▶ [HOW TO COMPLETE THIS TASK] Nothing should appear in the answer except the lines below from the line containing "Image no. 4" through the line containing "Manufacturing method for", copied exactly, with pictures left out.

▶ [Records from a data collection]

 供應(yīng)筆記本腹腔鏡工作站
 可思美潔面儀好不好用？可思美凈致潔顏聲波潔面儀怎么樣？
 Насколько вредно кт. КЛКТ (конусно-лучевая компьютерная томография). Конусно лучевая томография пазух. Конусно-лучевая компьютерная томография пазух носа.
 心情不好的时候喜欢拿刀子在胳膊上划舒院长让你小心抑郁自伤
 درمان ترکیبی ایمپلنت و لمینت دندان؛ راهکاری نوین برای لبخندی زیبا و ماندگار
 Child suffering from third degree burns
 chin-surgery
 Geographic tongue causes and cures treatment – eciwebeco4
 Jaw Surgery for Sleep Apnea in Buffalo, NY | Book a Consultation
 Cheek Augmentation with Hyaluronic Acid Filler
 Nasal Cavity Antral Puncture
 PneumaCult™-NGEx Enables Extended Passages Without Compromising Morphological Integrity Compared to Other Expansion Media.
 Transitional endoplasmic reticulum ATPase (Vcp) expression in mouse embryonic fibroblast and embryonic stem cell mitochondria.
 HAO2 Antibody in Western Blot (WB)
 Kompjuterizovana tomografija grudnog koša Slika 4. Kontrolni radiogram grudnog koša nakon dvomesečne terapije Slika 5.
--
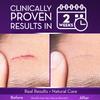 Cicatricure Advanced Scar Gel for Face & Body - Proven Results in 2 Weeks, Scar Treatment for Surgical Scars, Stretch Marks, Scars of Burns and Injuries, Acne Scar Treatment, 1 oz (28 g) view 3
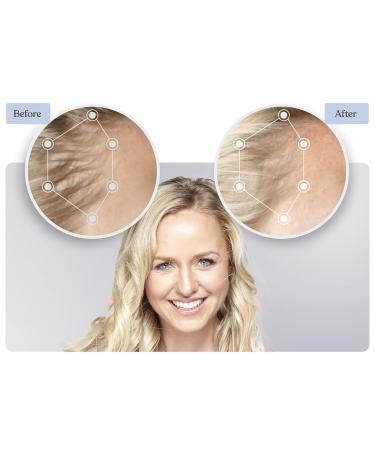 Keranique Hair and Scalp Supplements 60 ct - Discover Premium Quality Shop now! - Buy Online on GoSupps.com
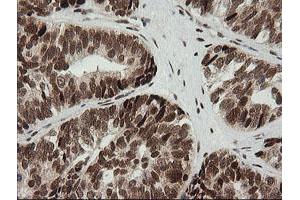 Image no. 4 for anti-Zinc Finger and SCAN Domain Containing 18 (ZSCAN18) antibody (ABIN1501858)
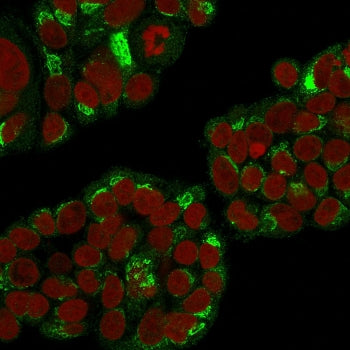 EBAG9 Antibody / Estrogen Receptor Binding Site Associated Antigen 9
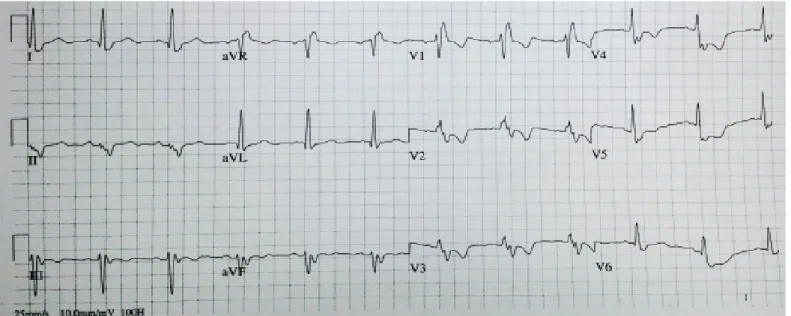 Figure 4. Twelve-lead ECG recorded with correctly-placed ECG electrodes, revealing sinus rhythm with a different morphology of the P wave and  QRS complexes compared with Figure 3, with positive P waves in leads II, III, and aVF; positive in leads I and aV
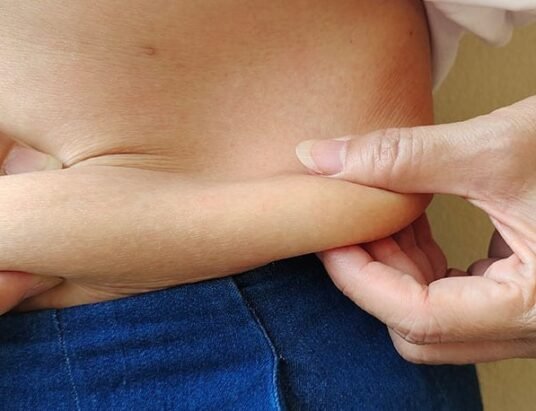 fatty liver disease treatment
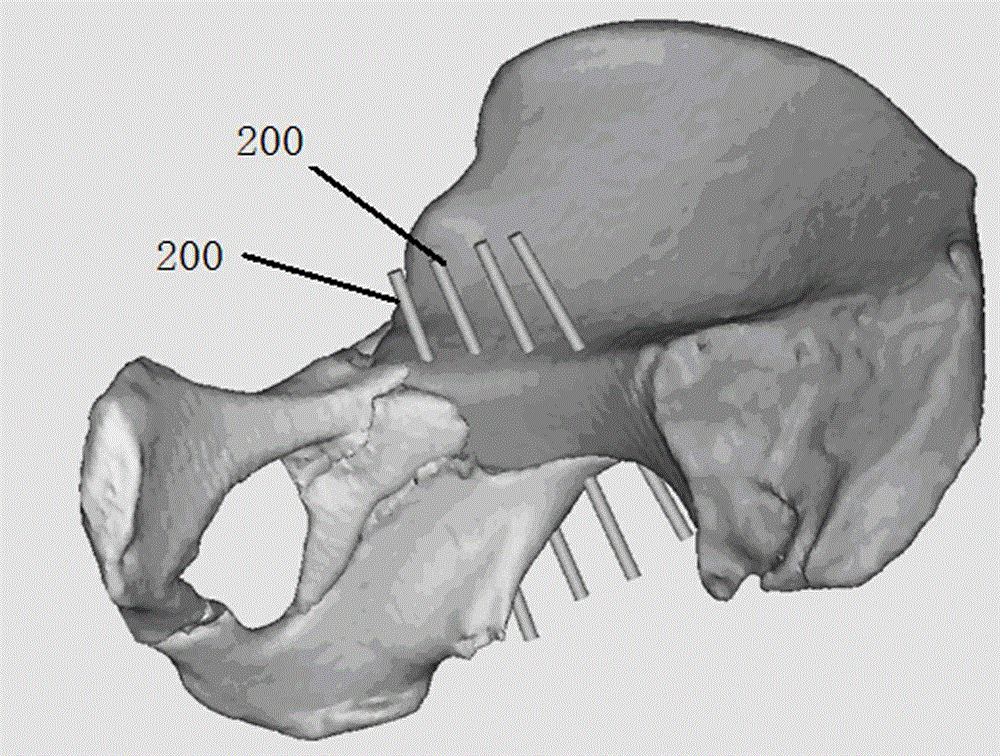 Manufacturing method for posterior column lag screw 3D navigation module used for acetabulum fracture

▶ [YOUR SOLUTION]
 Image no. 4 for anti-Zinc Finger and SCAN Domain Containing 18 (ZSCAN18) antibody (ABIN1501858)
 EBAG9 Antibody / Estrogen Receptor Binding Site Associated Antigen 9
 Figure 4. Twelve-lead ECG recorded with correctly-placed ECG electrodes, revealing sinus rhythm with a different morphology of the P wave and  QRS complexes compared with Figure 3, with positive P waves in leads II, III, and aVF; positive in leads I and aV
 fatty liver disease treatment
 Manufacturing method for posterior column lag screw 3D navigation module used for acetabulum fracture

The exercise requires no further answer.